Stu Halloway kind of speaks against these approaches too in his REPL talks, and Eric Normand isn't in favor of them either (re: his REPL course online).
ProtoREPL also had similar options that Jason Gilman's "opinionated" guide said should be "on" but which caused users all sorts of weird problems (and, again, I advised ProtoREPL users to turn them "off"!).
Yes, even while working on ClojureScript, sometimes if there's an error on the code, it'll not reload in the browser / node.js environments. This means that ClojureScript REPL will not work (and sometimes, autocomplete/etc will also fail).

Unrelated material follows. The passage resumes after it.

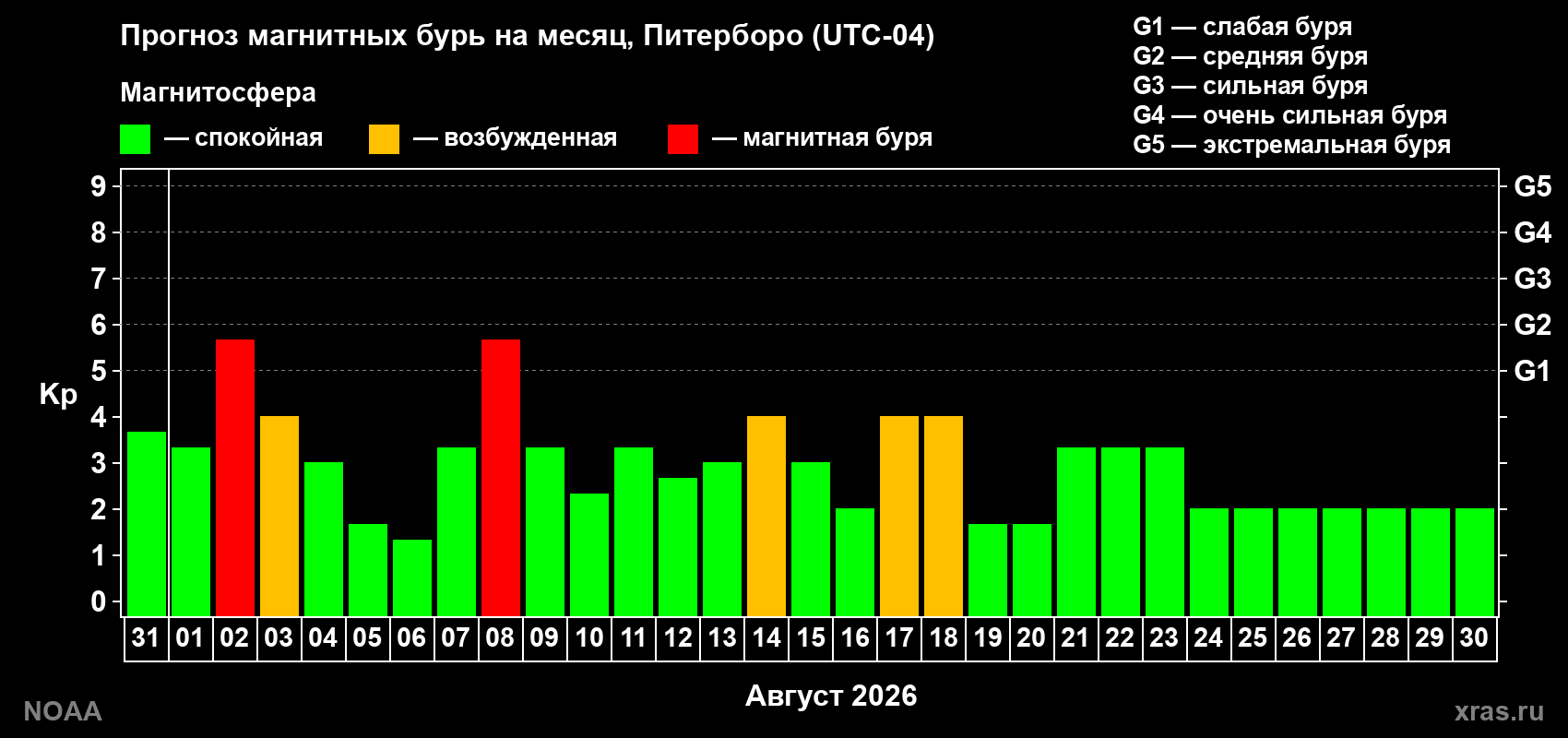 Прогноз геомагнитного индекса Kp на следующий месяц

One thing I’m wrangling with is tabs/spacing. I use parinfer with experimental on (nice!) and paredit so I can slurp, barf, etc (also nice!) but I often see weird tabbing and indenting. Often it will indent 1 space, even though set up for two. Tabbing usually goes 2 spaces, but sometimes goes 0 spaces (!) then jumps four. Sometimes one. I have no idea what is going on. I expect this isn’t Chlorine, but asking here. Just redirect me to another forum if needed
It isn't Chlorine, but no worries. Clojure indentation sometimes use only one space, other two. It depends: there's some configuration on
lisp-paredit where you can change which forms will indent 2 spaces
Also, I think Parinfer and Paredit can compete/conflict sometimes, which doesn't help. Parinfer's "smart" mode isn't always very smart. I often find myself selecting a block of code and using smart reindent explicitly to fix this -- and I've had Parinfer break code by adjusting parens to match the (incorrect) indentation. It can be quite frustrating. But, overall, its benefits outweigh its downsides so I still keep using it... 😐
Yes, for example, I'm used to use CTRL+ALT+9 to change parinfer mode from "smart" to "paren" before pasting any code. This wil not change the structure of pasted code, so I can indent manually after and then change back to "smart"
I forget to do that a lot of the time. I probably ought to set up a command that pastes code with Parinfer mode set to paren (and then changes it back) -- and get used to whatever hot key I bind to that.